Healthineers is no slouch when it comes to diagnostics, with sales of $4.4bn in 2017, putting it in fourth place in this market, behind Roche, Danaher and Abbott. However, the business has a profit margin of just 14%, according to Bernstein analysts, compared with 20% for imaging and 22% for advanced therapies.

Siemens’ projections for this segment are perhaps optimistic, relying on rapid uptake of its newly-launched Atellica machines. Mid-term guidance for the diagnostics segment targets a 16-19% margin, with management targeting 7,000 installations of Atellica systems, Bernstein analysts say. But it is not clear what these machines offer over rivals’ competing products.

For instance Atellica can perform 170 different assays, and Healthineers hopes to expand this to 210. As a comparison, Roche’s range of Cobas analysers, around 52,000 of which are installed worldwide, offer a menu of 220 tests. The market is largely saturated and switching from one provider to another is a costly process for labs and hospitals, so some potential investors are likely to be taking a wait-and-see attitude to the Atellica business.

But it is market volatility that is the main reason for the shrinking offering.

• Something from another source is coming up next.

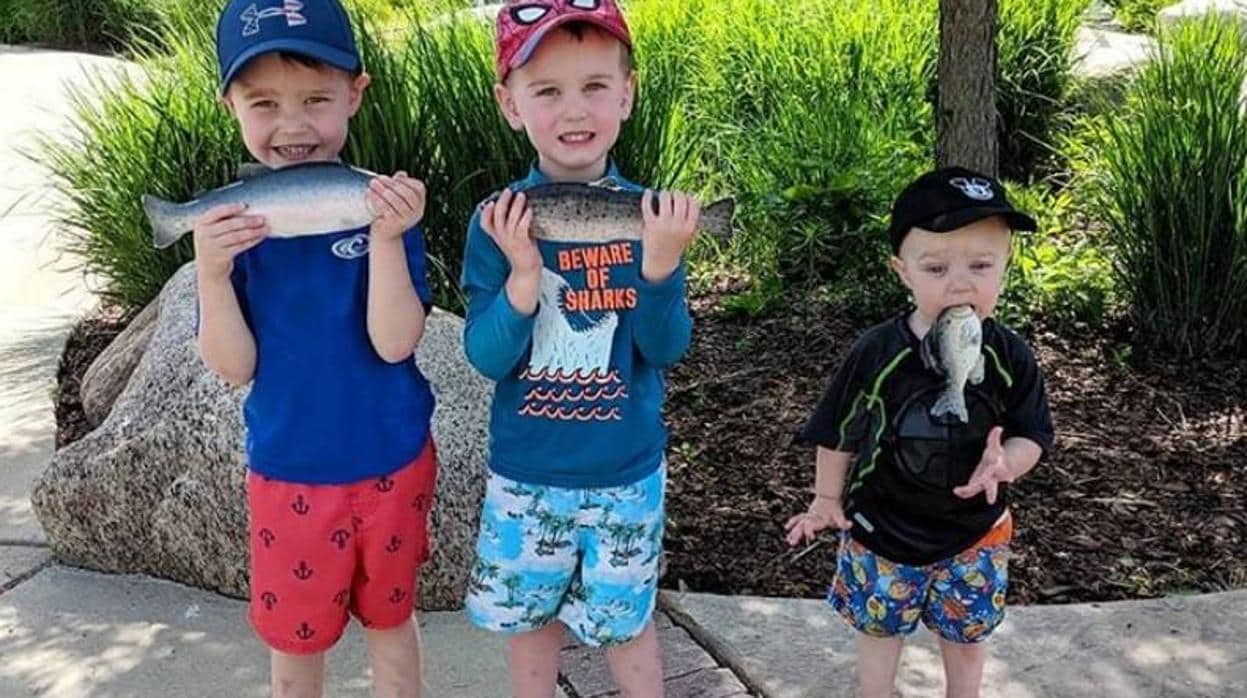 La imagen de Landon con sus dos hermanos mayores que se ha vuelto viral en internet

The DAX index of 30 leading companies, including Siemens, on the Frankfurt exchange is down 7% so far this year.

Bolt-ons

Still, the purpose of the IPO is not to raise the maximum amount of cash; Siemens is already well stocked in that regard.

The point of the exercise is to realise Healthineers’ standalone value, removing some of the conglomerate discount that weighs on Siemens’ valuation – though whether this will actually happen, since the group intends to retain a majority stake, is far from certain – and to produce a more agile company that can compete better with its peers, not least through acquisitions.

There are a number of areas in which Healthineers might want to strengthen via bolt-on deals. Despite the company’s prominent position in imaging it is relatively weak in ultrasound compared with GE Healthcare and Philips. Growing its advanced therapies unit might also be a smart competitive move: Philips and Varian Medical Systems are two imaging companies that have shifted towards intervention via acquisitions with their purchases of Spectranetics and Sirtex respectively.

The IPO, scheduled for March 16, is an opportunity for Healthineers to reinvent itself. That the size of the offering has shrunk does not necessarily mean that the move is unwise, or will not be a success.